You can only trust what's written, Tom says. Write it down. Write it so it can't ever be rubbed away.

. . . . . . . . . .

Tom's the one who tells her, the sly voice almost seeming to come from that book he buries himself in. Just do it without the wand, he says. If the magic is in you, why do you need to wave a silly stick around?

. . . . . . . . . .

She practices in the yard. Wingardium Leviosa. Wingardium Leviosa. Wingardium Leviosa. When the feather finally drifts upward, she turns to look at Tom and he smiles at her, his expression a mirror of the malicious pleasure she feels at her accomplishment.

I knew you could do it, he says. Now we just have to get out of here.

She becomes the model patient and she's out. They're out. She's placed into an apartment as part of a project in independent living. A nurse still comes by once every day, but she's not as observant as the ones at the hospital, and Hermione makes sure she's doing so well that no one thinks she's anything other than the perfect example of how structured living can work for even the sickest people. She gets a job, she saves her money, and she makes lists of everyone she can remember, not just the snooty Malfoys with their money and their hate, but the Weasleys too. Arthur. Molly. Bill. Charlie. Fred -

"They left me there," she says. "They let someone do that to me."

. . . . . . . . .

She uses the edge of a kitchen knife to put the word where it should be, over and over again. When it begins to heal she writes it again. The visual proof of who she is - of what she is - reassures her. If it's there, no one can take away her memory again. No one can take away her magic. No one can take away her power. She writes it down. She can trust the words. Words and books make you safe. Words and books never lie.

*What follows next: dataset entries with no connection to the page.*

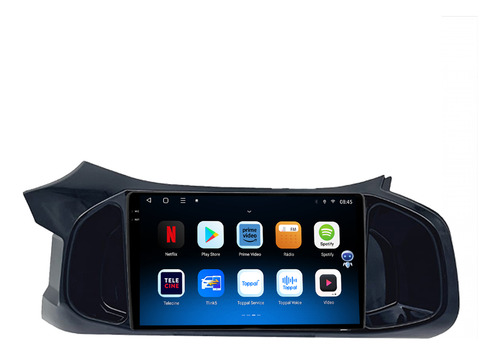 Multimidia Onix Joy 12/19 9p Android Octacore 2gb Carplay 4g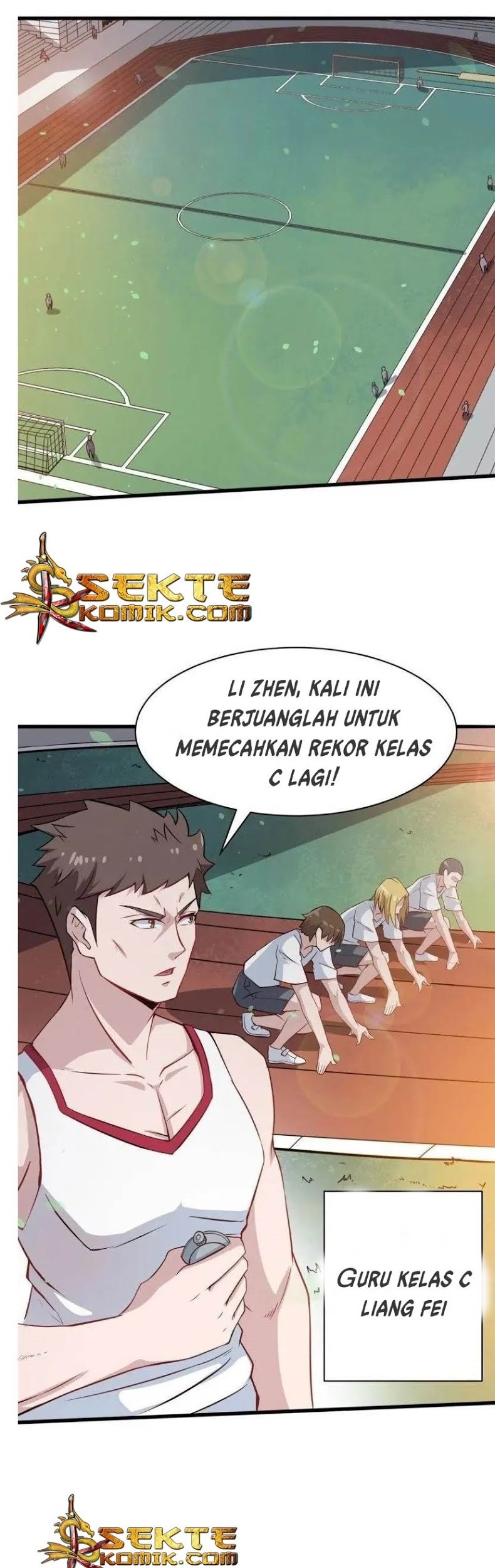 Crazy Professor System Bab 17 halaman 7
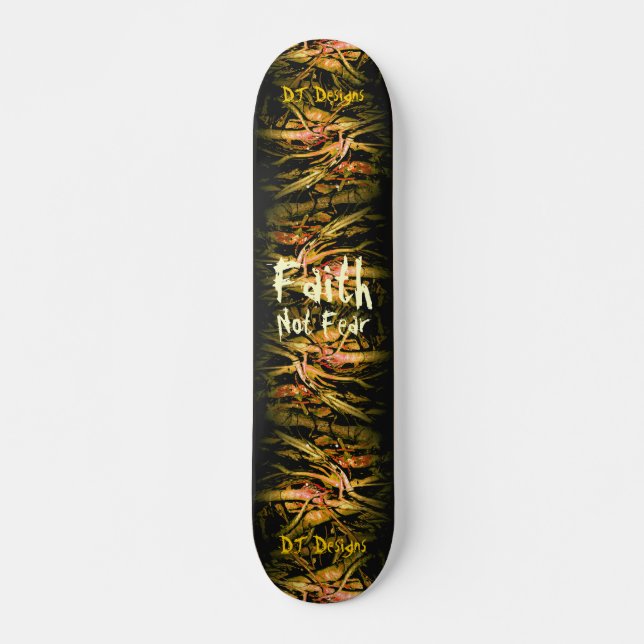 Christian Faith Skateboard (Frente)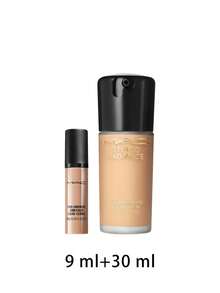 MAC [Bundle] Pro Longwear Concealer NW35 9 Ml + Studio Radiance Serum-Powered Foundation NC35 30 Ml - NW35+NC35 - View 2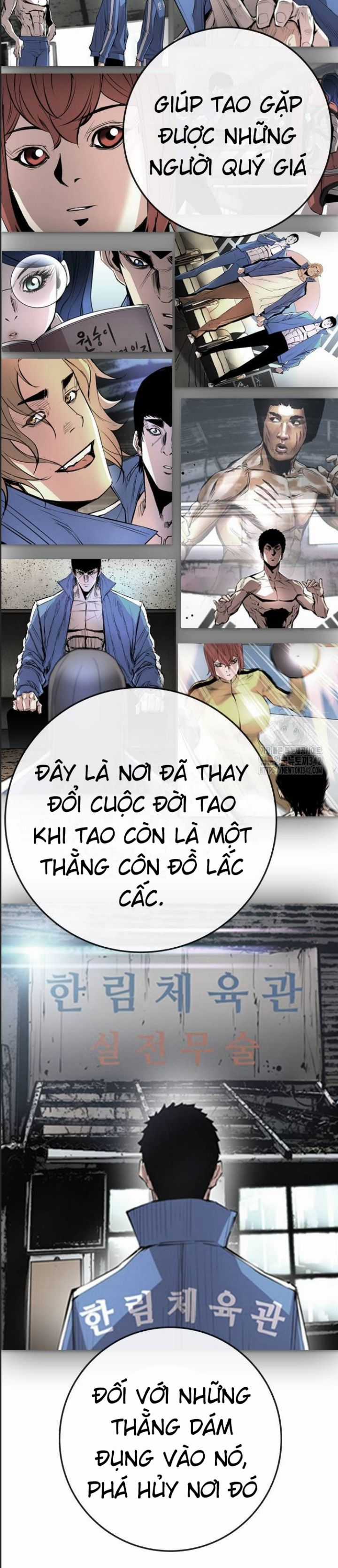 Phòng Gym Hanlim Chương 187 trang 118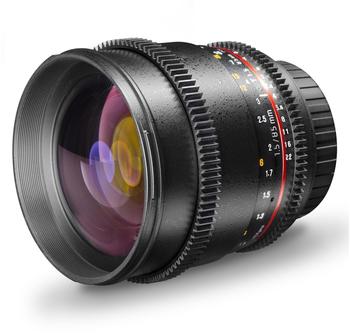 Walimex 85mm F1,5 VDSLR Sony E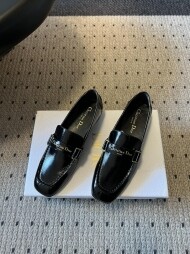 디올 26ss 이른 봄 신상 빈티지 스퀘어 로퍼 2컬러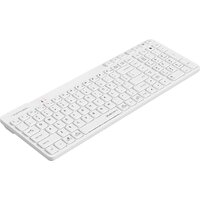 Клавиатура A4Tech Fstyler FBK27C AS (белый) - Превью изображения №4 — Интернет-магазин ПроЗаказ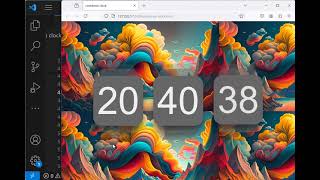 how to make Countdown Digital clock code|html css javascript step_by_step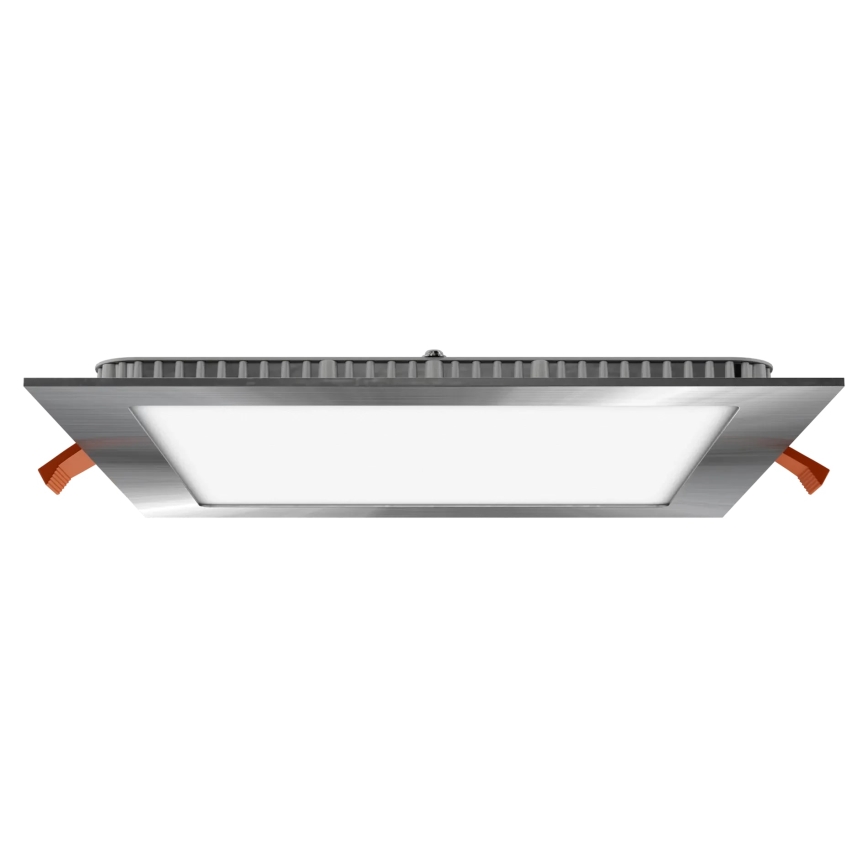 APLED - LED įleidžiamas lubinis vonios šviestuvas SQUARE LED/18W/230V IP41 220x220 mm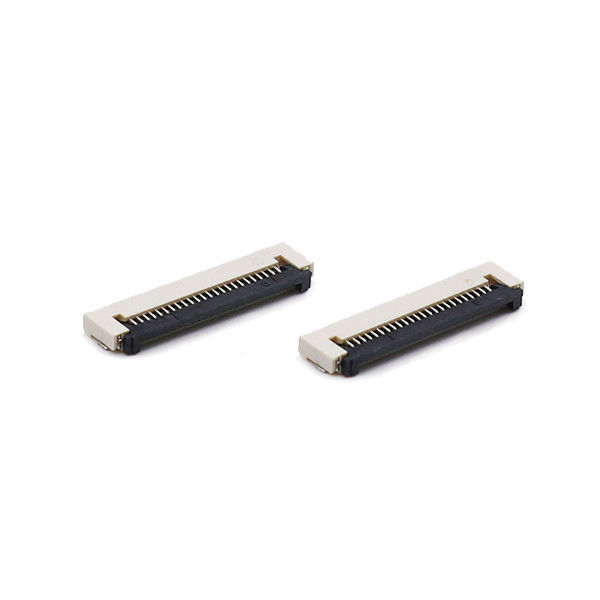 LCP UL94V-0 1.5mm ZIF SMT FFC FPC Konektörü 0.5mm Yükseklik Aşağı Kontak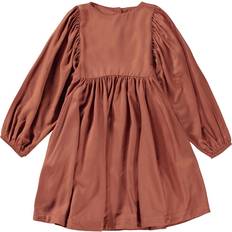 Molo Mekot Molo Caly Dress Terracotta - Brown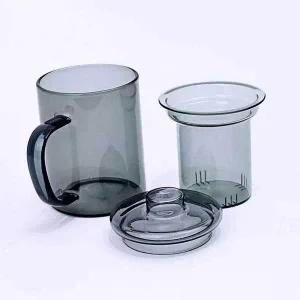 [셀러에이드]티팟 미니 티포트 내열 내열유리 350mL 유리차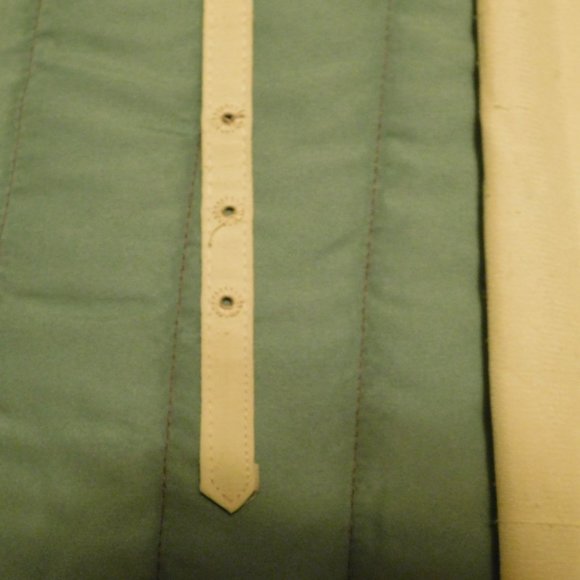 VINTAGE Mini Dress Light Green Miss Couture size S - Picture 7 of 10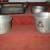 VINTAGE PAN LOT Kitchen Pot Display Antique Tin Camping Soup Cooking 3 thumbnail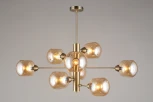 Потолочная люстра на штанге Aployt Ameli APL.904.17.08 (220V, шарики)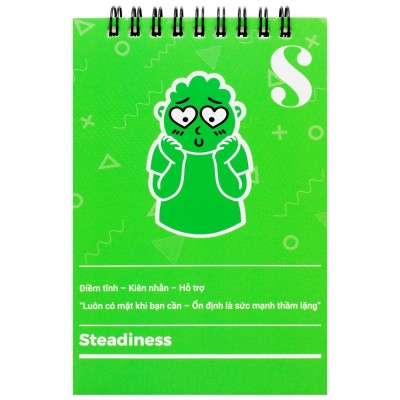 Sổ Lò Xo Note DISC? - Kẻ Ngang - 160 Trang 80gsm - The Sun - S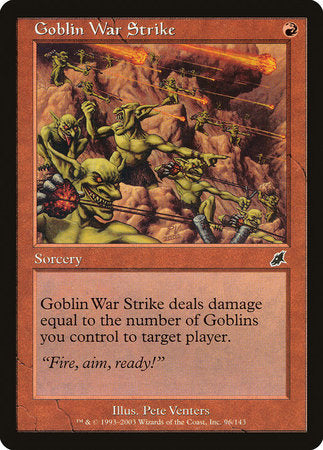 Goblin War Strike [Scourge] | Cracking-Singles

Tom's smile becomes more predatory.

. . . . . . . . .

She buys the ticket to London without telling anyone, and the train click-clacks its way.

. . . . . . . . . .

The long-abandoned Purge & Dowse department store in central London burned down yesterday in an apparent case of arson. Police have no suspects. Anyone with information is cordially requested to contact the authorities.

. . . . . . . . . .

Percy Weasley answers the fifteenth question of the day about the fire. "We don't know," he says. "We're working on it."